Remarquons qu'utilisé dans son sens premier, le mot peut désigner des films « à grand spectacle » (de Naissance d'une nation à Avatar en passant par Metropolis, King Kong, Autant en emporte le vent, Lawrence d'Arabie, 2001, l'Odyssée de l'espace et Jurassic Park, pour ne citer que certains de ses représentants les plus célèbres) comme des œuvres plus économes de moyens : littéralement, « spectaculaire » signifie « qui est donné à regarder », or cette définition s'applique tout aussi bien à des films mettant en scène, pour reprendre l'expression consacrée (et généralement défavorable), « deux personnages dans une chambre » — expression qui décrit par exemple assez justement trois des plus beaux et des plus importants films français de la première moitié des années 1970 : Ma nuit chez Maud d'Éric Rohmer, La Maman et la putain de Jean Eustache et Les Doigts dans la tête de Jacques Doillon.

À l'approche de l'été, période souvent propice aux films de « pur divertissement », le présent numéro d'Upopi s'intéressera plutôt au « cinéma à grand spectacle », tout d'abord sous la forme de deux textes illustrés, l'un qui explore l'histoire de l'intérêt du cinéma pour les phénomènes catastrophiques et l'autre qui étudie, au regard du cinéma, les possibilités spécifiques de la VR, cette « virtual reality » censée ouvrir de nouvelles perspectives au spectacle audiovisuel. Un tutoriel indique pas à pas comment créer en vidéo des effets de suspension du temps qui permette de donner un aspect « spectaculaire » au moindre instant de la vie quotidienne, et un montage vidéo envisage les modalités de représentation cinématographique du spectacle vivant, considéré comme voie d'accès privilégiée à la vérité.

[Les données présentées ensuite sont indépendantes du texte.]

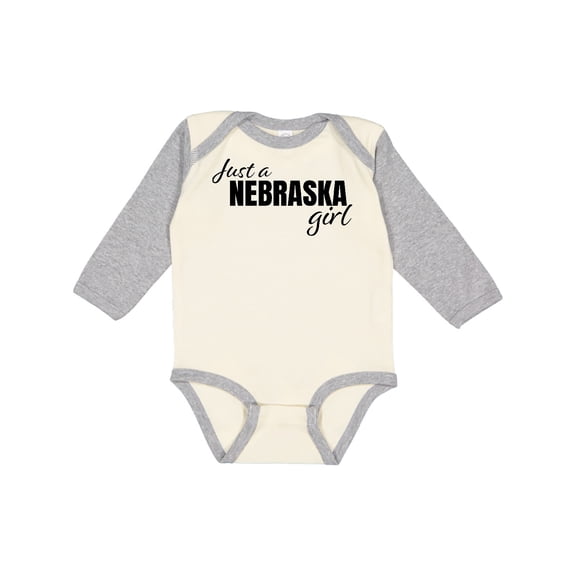 Inktastic Just a Nebraska Girl Born and Raised Girls Long Sleeve Baby Bodysuit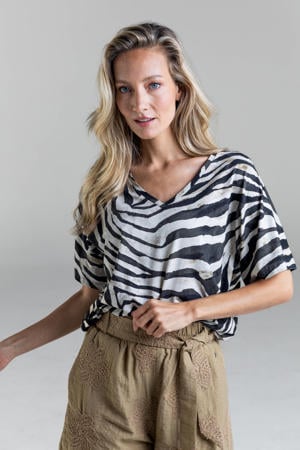 top met zebraprint zwart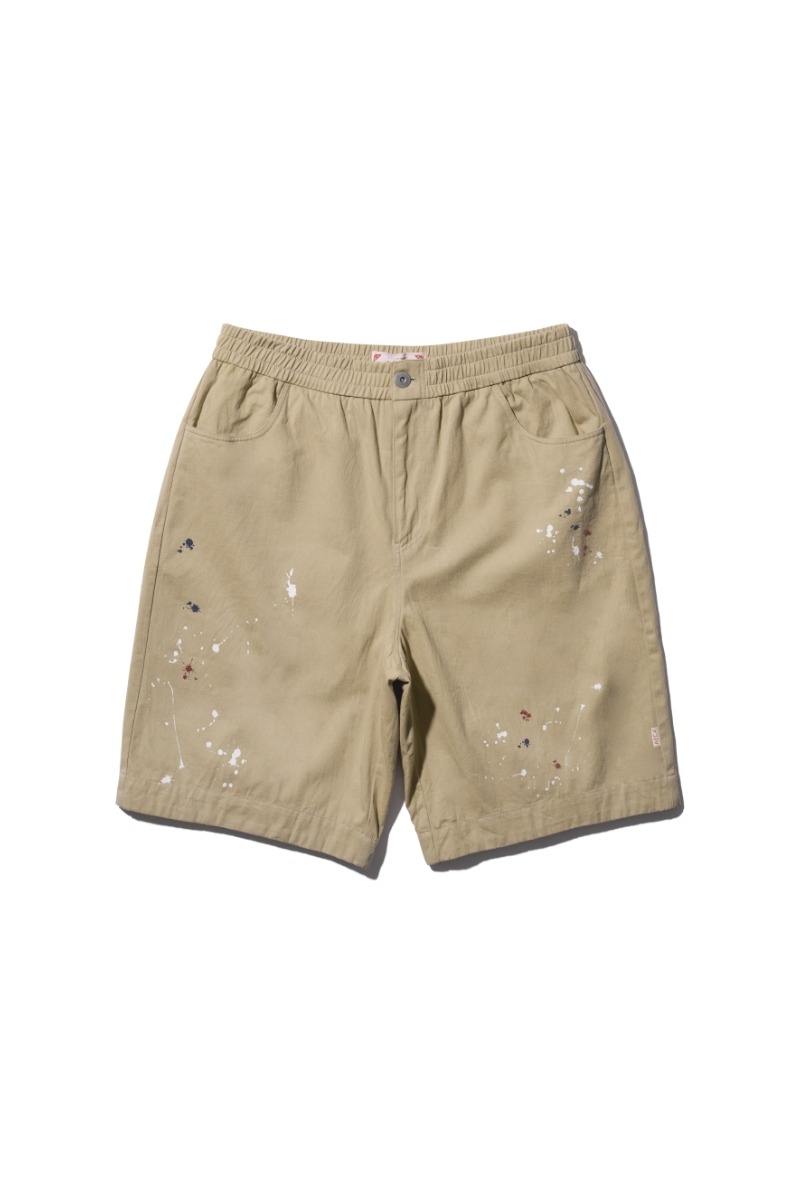SPLATER PAINTED COTTON SHORTS-BEIGE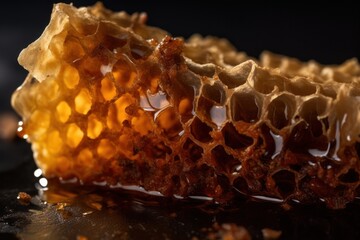 Stunning close-up of a honeycomb with golden honey dripping, highlighting its deliciousness and nutritional value. Created with generative A.I. technology.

Le film du moment est le court métrage Si jamais nous devons disparaître ce sera sans inquiétude mais en combattant jusqu'à la fin (2014) de Jean-Gabriel Périot, qui se déroule pendant un concert de rock.

Pour rester dans le ton, une frise chronologique retrace l'histoire des trucages et effets spéciaux cinématographiques, qui contribuent si souvent à la crédibilité et à l'intensité visuelle du spectacle filmique ; on revient d'une part sur le premier King Kong pour évoquer les efforts d'imagination particuliers que doivent produire les comédiens sur les tournages de films à effets spéciaux, et d'autre part sur les films qui poussent si loin le spectacle de la peur  qu'ils amènent certains de leurs personnages à en perdre la raison, voire la vie ; enfin, on témoigne du travail de lycéens qui, avec les moyens du bord, ont tourné des remakes de séquences de trois films fantastiques mémorables (Les Oiseaux d'Alfred Hitchcock, La Mouche de David Cronenberg et le King Kong de Peter Jackson), et l'on propose de réviser les mouvements de caméra grâce aux films de James Cameron, cinéaste « spectaculaire » s'il en fut.